[Exercise materials — start]

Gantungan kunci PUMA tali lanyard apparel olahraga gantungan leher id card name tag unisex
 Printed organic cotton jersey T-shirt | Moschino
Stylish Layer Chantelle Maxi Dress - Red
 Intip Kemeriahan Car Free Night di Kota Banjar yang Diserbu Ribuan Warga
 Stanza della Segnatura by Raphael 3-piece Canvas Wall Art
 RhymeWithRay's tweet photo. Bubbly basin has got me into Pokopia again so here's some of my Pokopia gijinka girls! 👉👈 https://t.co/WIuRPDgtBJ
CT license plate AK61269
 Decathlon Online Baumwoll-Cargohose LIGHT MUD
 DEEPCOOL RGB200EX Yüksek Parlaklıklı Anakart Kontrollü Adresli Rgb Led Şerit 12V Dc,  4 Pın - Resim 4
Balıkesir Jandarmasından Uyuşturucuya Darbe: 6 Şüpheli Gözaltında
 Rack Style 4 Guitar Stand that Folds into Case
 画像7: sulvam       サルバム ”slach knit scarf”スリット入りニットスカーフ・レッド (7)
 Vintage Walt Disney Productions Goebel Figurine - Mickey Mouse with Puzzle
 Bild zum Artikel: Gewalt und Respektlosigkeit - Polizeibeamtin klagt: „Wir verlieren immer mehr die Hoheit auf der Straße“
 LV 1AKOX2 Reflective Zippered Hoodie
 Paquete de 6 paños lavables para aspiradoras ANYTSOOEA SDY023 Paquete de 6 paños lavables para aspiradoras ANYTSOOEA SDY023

[Exercise materials — finish]

Brief>
Reproduce the data in its entirety, matching each character.

Your response>
Gantungan kunci PUMA tali lanyard apparel olahraga gantungan leher id card name tag unisex
 Printed organic cotton jersey T-shirt | Moschino
Stylish Layer Chantelle Maxi Dress - Red
 Intip Kemeriahan Car Free Night di Kota Banjar yang Diserbu Ribuan Warga
 Stanza della Segnatura by Raphael 3-piece Canvas Wall Art
 RhymeWithRay's tweet photo. Bubbly basin has got me into Pokopia again so here's some of my Pokopia gijinka girls! 👉👈 https://t.co/WIuRPDgtBJ
CT license plate AK61269
 Decathlon Online Baumwoll-Cargohose LIGHT MUD
 DEEPCOOL RGB200EX Yüksek Parlaklıklı Anakart Kontrollü Adresli Rgb Led Şerit 12V Dc,  4 Pın - Resim 4
Balıkesir Jandarmasından Uyuşturucuya Darbe: 6 Şüpheli Gözaltında
 Rack Style 4 Guitar Stand that Folds into Case
 画像7: sulvam       サルバム ”slach knit scarf”スリット入りニットスカーフ・レッド (7)
 Vintage Walt Disney Productions Goebel Figurine - Mickey Mouse with Puzzle
 Bild zum Artikel: Gewalt und Respektlosigkeit - Polizeibeamtin klagt: „Wir verlieren immer mehr die Hoheit auf der Straße“
 LV 1AKOX2 Reflective Zippered Hoodie
 Paquete de 6 paños lavables para aspiradoras ANYTSOOEA SDY023 Paquete de 6 paños lavables para aspiradoras ANYTSOOEA SDY023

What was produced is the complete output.